There's no question that obesity is a problem in our country. That's an understatement. Obesity is an epidemic of massive proportion (pun intended).
For years there has been a long, drawn out debate as to whether or not obesity qualifies as a primary condition. Personally, I've always maintained that obesity is a multi-faceted condition that is far more complex than "just eat less and exercise more." There is sometimes a lack of understanding among fitness professionals surrounding the topic of obesity, particularly those who work with athletes or clients who are already fit. Perhaps this is because, on the surface, obesity is REALLY easy to fix. It actually IS "just eat less and exercise more."
Healthy diet and exercise are easy... but the hard part is reaching the point of readiness to change.
There are five stages of behavioral change between sitting on the couch with a bag of potato chips and running marathons: Pre-contemplation, Contemplation, Preparation, Action, and Maintenance.
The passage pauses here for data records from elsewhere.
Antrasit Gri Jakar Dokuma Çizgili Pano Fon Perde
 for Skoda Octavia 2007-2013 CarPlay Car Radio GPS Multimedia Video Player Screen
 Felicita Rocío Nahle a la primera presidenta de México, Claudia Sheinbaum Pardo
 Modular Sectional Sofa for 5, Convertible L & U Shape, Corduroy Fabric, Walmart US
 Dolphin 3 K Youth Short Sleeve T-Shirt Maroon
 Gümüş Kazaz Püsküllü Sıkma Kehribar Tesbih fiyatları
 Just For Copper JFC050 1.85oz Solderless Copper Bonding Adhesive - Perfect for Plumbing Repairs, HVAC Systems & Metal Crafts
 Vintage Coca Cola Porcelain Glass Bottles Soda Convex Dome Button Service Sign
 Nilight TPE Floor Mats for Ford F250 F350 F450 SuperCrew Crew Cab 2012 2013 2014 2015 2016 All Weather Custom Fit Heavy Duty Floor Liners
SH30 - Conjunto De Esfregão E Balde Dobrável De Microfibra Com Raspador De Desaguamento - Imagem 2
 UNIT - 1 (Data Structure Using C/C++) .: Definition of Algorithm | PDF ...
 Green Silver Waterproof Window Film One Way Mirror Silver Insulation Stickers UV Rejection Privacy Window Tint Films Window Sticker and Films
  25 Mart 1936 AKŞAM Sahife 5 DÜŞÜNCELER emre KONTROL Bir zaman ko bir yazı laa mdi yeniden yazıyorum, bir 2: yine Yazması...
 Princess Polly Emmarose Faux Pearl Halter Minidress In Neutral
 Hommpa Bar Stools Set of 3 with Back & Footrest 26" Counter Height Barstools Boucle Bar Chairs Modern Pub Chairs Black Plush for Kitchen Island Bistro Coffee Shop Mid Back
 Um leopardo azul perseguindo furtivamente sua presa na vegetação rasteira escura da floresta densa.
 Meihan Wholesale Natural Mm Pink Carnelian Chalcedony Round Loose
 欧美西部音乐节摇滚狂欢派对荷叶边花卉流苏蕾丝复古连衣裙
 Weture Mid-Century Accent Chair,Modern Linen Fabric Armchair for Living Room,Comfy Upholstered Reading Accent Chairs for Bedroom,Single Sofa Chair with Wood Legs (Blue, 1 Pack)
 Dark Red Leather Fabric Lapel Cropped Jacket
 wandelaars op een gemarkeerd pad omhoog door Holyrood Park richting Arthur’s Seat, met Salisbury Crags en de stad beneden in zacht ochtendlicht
In order to change a patterned behavior, a few things needs to happen: The individual must believe that s/he is willing and ready for change combined with an environment that sets him/her up for success.
Our super-sized, overly-commericalized, artificially-sugar-ized society doesn't exactly facilitate this change. Readiness is the key, and rather than igniting a socio-cultural kick in the pants by looking at the way food is produced, sold, and marketed in our country, we choose instead to accept our fate and categorize obesity as a disease. With this declaration from the American Medical Association comes (assumedly) wheelchair accommodations for the obese and affordable access to insulin, bariatric surgery, and pharmaceuticals.
That's cool, but these are Band-Aids that treat symptoms rather that curing the cause.
Victimizing obesity as a disease is dangerous territory, and from my perspective just feels like another excuse for pharmaceutical companies to make money. Why would anyone choose diet and exercise over a magic pill?
I certainly wouldn't.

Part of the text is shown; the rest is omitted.